Saeed Ahmed, an eighty-two-years-old man is the oldest in his family who has been washing clothes for seventy years. He started working from childhood.
He used to go with his father to the lake early in the morning to help him in washing clothes and that’s how his journey into their traditional occupation started.
Ahmed belongs to the Dhobi community living in Samaspur Khora village of Bijnor district in Uttar Pradesh. And he is still continuing the traditional occupation of washing clothes.
The people in the community say that this work is the legacy left by their ancestors.
The Qassar caste is known as Muslim Dhobi. In India, they continue to depend on their traditional occupation of washing clothes. There is no existing literature on the history of the Qassar community.

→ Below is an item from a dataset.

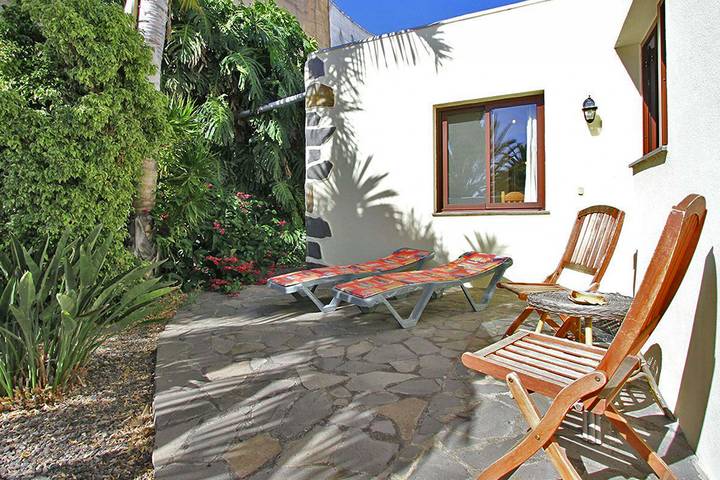 Bungalow para 6 personas, con jardín además de terraza y piscina en Los Llanos de Aridane - 4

The community is distributed throughout North India and South India, with concentrations in Delhi, Gujarat, Uttar Pradesh, Haryana and Bihar. Perhaps the largest concentration of Dhobis is found in Uttar Pradesh.
Indian Muslims have stratified themselves into three main castes: Ashraafs, Ajlafs and Arzals.
Ashraafs are the Brahmin equivalent, Ajlafs are the Vaisya equivalent and Shudras, and Arzals (vile, vulgar), in other words a group comprising non-Untouchables and converted “Untouchables” who, as in Hinduism, practice supposedly impure trades.
Despite their conversion to Islam, the social, economic and educational status of the Arzals remains pathetic.
The Dhobi community belongs to the Arzal caste due to which they have always faced discrimination.
In rural areas it still seems difficult to be free of one’s socio professional identity linked to one’s group of origin.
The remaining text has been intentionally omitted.